Rebel (Legend, #4)(4)


I stare at the dried flowers in my hand, feeling like an idiot. How would Daniel do here, at Ross University? He was never the studious type, because he never had to be. Daniel is Day. He can run up the sides of buildings. Evade the police. Jump through a fourth-story window.

Me? I’m the nerd with bad eyesight who likes building things and framing flowers. When I speak, my voice is higher and softer than my brother’s. He is the hero who never has nightmares anymore. I am the odd, quiet one that he still treats like a kid.

I shove the crumpled flowers in my backpack, then crush them further by dropping my book into the bag on top of them. Anger simmers beneath my skin, along with embarrassment.

“Hey!”

Pressa’s at the front of the entrance, leaning against a tree and waiting for me. Her face is round and smooth and light brown, the shape of her eyes slender, and when she gives me that easy smile, one of her teeth is endearingly crooked.

Her smile vanishes immediately at the look on my face. “What happened to you?” she asks as I approach her.

I got to know Pressa when I started showing up early at school every morning to work on my inventions. I helped her speed up her work by installing additional code into the cleaning bots. We’ve been hanging out ever since. In a university full of hostility, she’s been a lone comfort.

I think about telling her everything that just happened. If anyone understands what it’s like to deal with some of these seniors, it’s Pressa. But the words lodge in my throat, refusing to come out. Real men don’t press flowers into their books. They don’t spill their insecurities to their friends. Daniel certainly doesn’t tell me about all the things that happened to him in his past. Real men suck it up and change the subject until their hearts wither to dust inside them.

So I fold the words back into my mind and smile instead. “Nothing,” I reply. “Just glad to be out of class.”

She gives me a sidelong glance, as if she doesn’t really believe me, but she doesn’t push me further. Her arm loops through mine. “Still want to head to the Undercity?” she asks me.

I nod as we head toward the elevators. “I’ve been ready all day,” I reply.

She grins and gives me a wink that she knows always improves my mood. “Good. Because there’s a drone race happening later this week, and at least a hundred thousand corras waiting to be won. I figured we should go enter our bets.”

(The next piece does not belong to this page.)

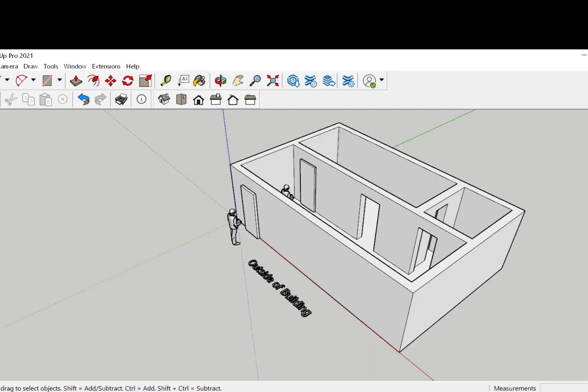In this video, we'll talk about door hands. What is a left hand, right hand, left hand reverse, and right hand reverse door?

Drone racing. Gambling. These are dangerous activities in the seediest part of Ross City, but it’s the one place where I feel good about myself. I grin back at her, admiring the way her bobbed hair forms a straight line with her jaw. Then I unhook my backpack from one shoulder and reach into it. I pull out a small, circular tube.

Pressa’s mouth forms an O as she studies it. “Is that what I think it is?” she whispers.

I smile a little. “If you’re thinking it’s a drone engine, then you’d be right,” I reply. “I’ve been working on it for weeks.” Good thing Emerson didn’t dig any farther than my dried flowers. “This time, we don’t have to just place a bet. We can enter the race.”

Pressa shakes her head and grins. “Sometimes I wonder if you belong up here in the Sky Floors,” she says. “You have way more in common with the rest of us down below.”

I don’t answer her as we head into the nearest elevator and start making our way down. Maybe she’s right. I don’t fit in up here, in the Sky Floors where everything’s perfect until it isn’t. My heart belongs to the lower floors, the part of this place that hosts things like drone races and gambling. The part that Ross City doesn’t advertise.

The Undercity.





DANIEL



Eden’s not picking up his phone again.

I tap off the virtual ringing icon in my view, swear under my breath, and try calling him one more time.

Maybe the connection’s bad. I am currently in the pockmarked streets of the Undercity, after all, perched in the shadows on top of a crumbling neon sign overlooking a crowded street. This is the lowest rung of Ross City, the ground floor, where sunlight never reaches and where neon signs advertise the rusty jumble of cheap storefronts lining either side of the road.

It’s not like this is the best place to make a call to the Sky Floors.

No answer again.

I take a deep breath and try not to be annoyed. When we first moved here to Antarctica, I promised myself that I’d never lose my temper with Eden. He survived a goddy revolution. He lost our parents and nearly his life.

He’s my little brother. And nothing would ever be worth getting angry with him about, as long as he is alive and healthy.

Still. You’d think a kid could get around to calling his brother back now and then. Maybe he’s hanging out with classmates. I don’t know much about who he talks to these days. Last time I visited him at school, he seemed friendly with some seniors named Jenna and Emerson—but they’re headed into their finals for the year. That means he’s going to be out more, doesn’t it?

The concept of a university, of taking exams without real consequences, is so foreign to me that trying to figure out Eden’s life nowadays gets me nowhere. June would probably understand him better. I wonder for a moment if I could use this as an excuse to call her, get her opinion on how Eden might be feeling.

My thoughts always wander to June. I fiddle idly with a paper clip ring on my left hand, try to force her out of my head, and call my brother one last time.